Yes, it's yet another article about buffing paintwork, and again it is the work of buffmeister Willy Winterfalk... and I told him I was determined to catch him out this time. Buffing won't give you perfection, you can never get rid of all the scratches - and I really want to show the cars we have done 'warts and all'.
So I told Willy that I would be following him around with the camera in order to catch the bits that he couldn't remove or didn't get quite right.
However, Willy is just here to train us this week, so when Mark Craine brought his beautiful TVR to us, we agreed a price of £269 including valet for Willy to buff the paintwork - and he had less than a day to do it instead of his normal 2 days. (We did have the car for 2 days, but most of this time was spend preparing the car for buffing and valeting the car).
Willy inspects the paintwork for spider-webs (swirl marks) , oxidization, stains, acid etching and fallout.
They don't get many TVRs in Sweden and so Willy was quite keen to try his techniques on a car made from composite materials.
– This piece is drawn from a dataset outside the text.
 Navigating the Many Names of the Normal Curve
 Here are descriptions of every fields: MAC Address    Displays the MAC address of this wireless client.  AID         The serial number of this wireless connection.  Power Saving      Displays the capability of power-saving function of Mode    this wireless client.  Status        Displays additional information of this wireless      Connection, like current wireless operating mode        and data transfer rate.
He is not a complete stranger to GRP and fiberglass materials - as already mentioned, Willy's background is in Chemical Engineering and one of his first jobs was working in the labs at International Marine Coatings who are famous for making paints of boats, so he was able to give us an education on the subject.
Buffing plastic or composite panels raises interesting issues, because Willy's buffing process is geared around heat, metal panels absorb and hold heat caused by friction in the buffing process. But GRP doesn't. This means that the paint won't heat up slowly, it will heat up very quickly as there is no metal panels to take and disperse the heat. Also, there are no metal panels to hold the heat, so as soon as you take the buffing pad off the paintwork it cools down. Heat is critical to the process of removing swirl marks, so it is important to get the paint hot, yet too much heat and the paint will bind and burn. So Willy needed to experiment a fair bit, starting of with fine buffing pads and polish and working up till he found a combination that works.
The overall look of the car wasn't too bad, but as can be seen from the photo above, the car was covered in micro-scratches which when catching the light cause patterns sometimes called spider webs or swirl marks.